**About this task**
Only those lines in the data below from the line containing "緊鏈器出廠檢驗項目、檢驗數(shù)量及檢驗要求" through the line containing "Yugoslavian vs Bulgarian Unemployment", both included, should be restated word for word.

**Records from a data source**
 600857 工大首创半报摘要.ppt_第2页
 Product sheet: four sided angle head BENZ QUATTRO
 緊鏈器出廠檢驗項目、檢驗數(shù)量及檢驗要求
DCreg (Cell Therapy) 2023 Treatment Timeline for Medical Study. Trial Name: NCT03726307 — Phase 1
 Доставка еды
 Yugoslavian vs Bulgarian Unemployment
---
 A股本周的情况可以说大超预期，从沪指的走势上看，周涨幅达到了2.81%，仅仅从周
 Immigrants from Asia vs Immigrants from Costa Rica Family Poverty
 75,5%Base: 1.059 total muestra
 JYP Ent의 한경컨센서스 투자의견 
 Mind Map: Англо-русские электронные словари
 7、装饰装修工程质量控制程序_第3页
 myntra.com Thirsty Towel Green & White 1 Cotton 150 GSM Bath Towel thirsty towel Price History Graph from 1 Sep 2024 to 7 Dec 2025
--
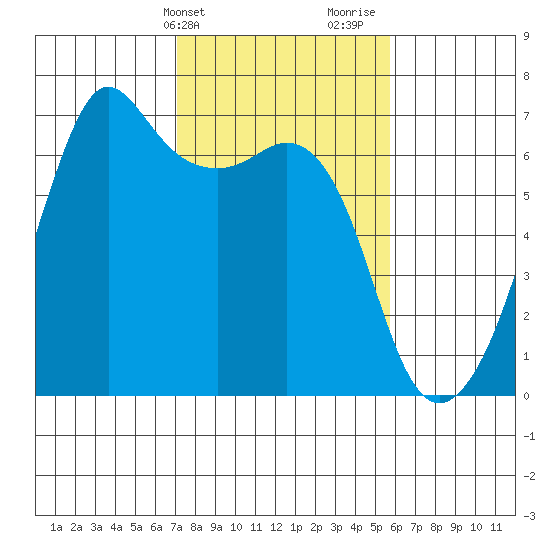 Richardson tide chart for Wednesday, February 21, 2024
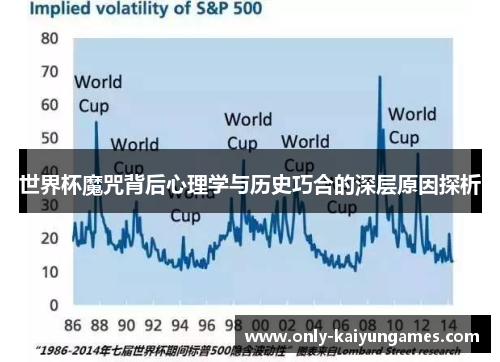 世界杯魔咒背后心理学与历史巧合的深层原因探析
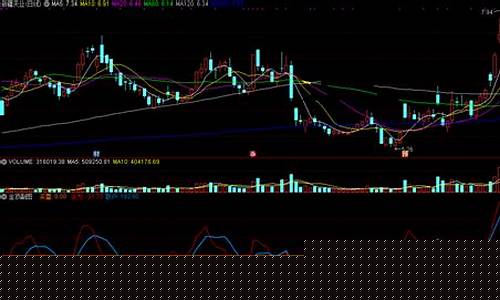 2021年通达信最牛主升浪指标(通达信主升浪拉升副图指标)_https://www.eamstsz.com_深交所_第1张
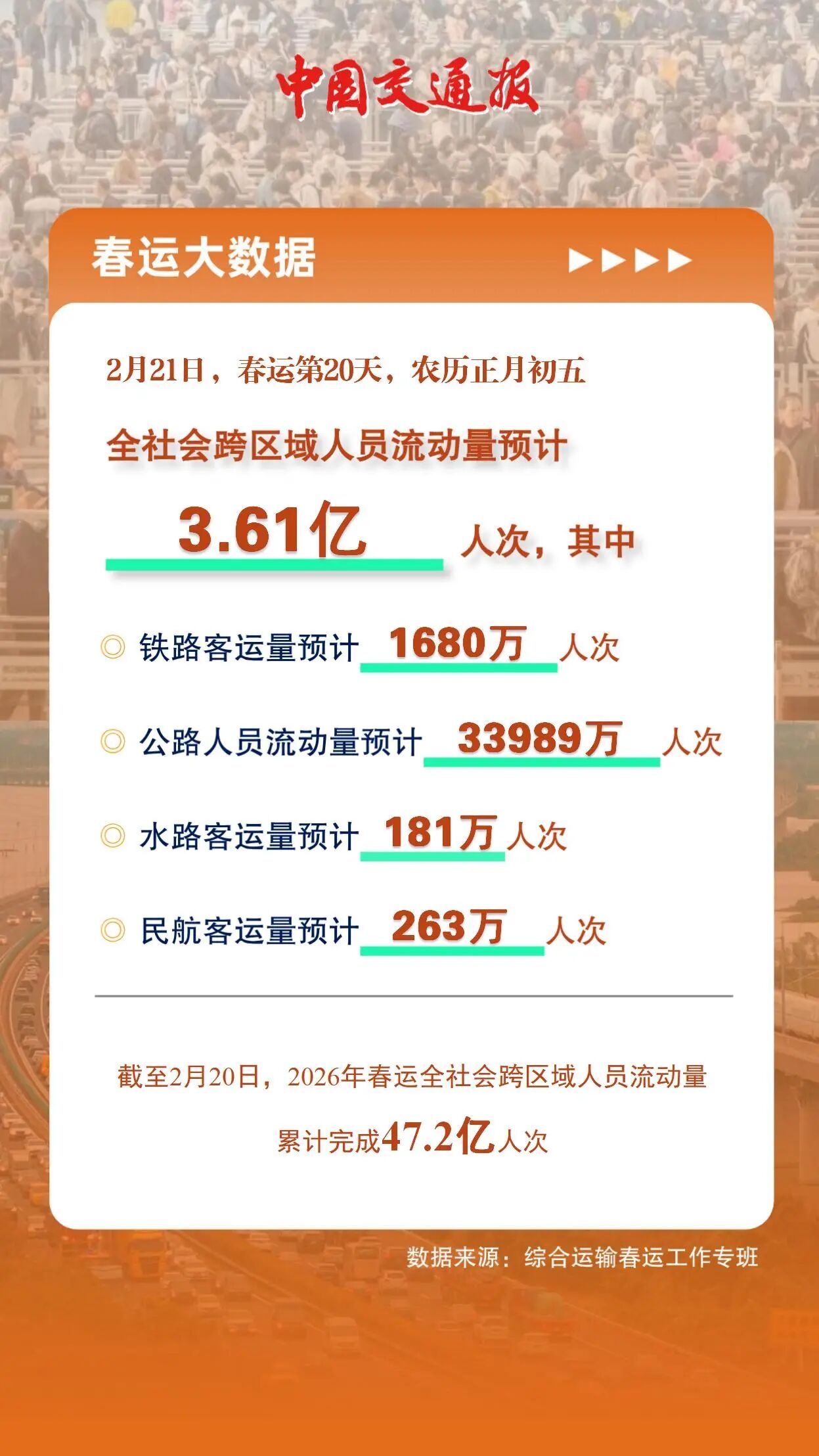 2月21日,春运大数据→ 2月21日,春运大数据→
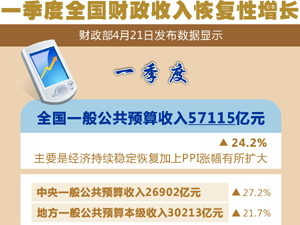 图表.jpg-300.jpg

**Response area**
 緊鏈器出廠檢驗項目、檢驗數(shù)量及檢驗要求
DCreg (Cell Therapy) 2023 Treatment Timeline for Medical Study. Trial Name: NCT03726307 — Phase 1
 Доставка еды
 Yugoslavian vs Bulgarian Unemployment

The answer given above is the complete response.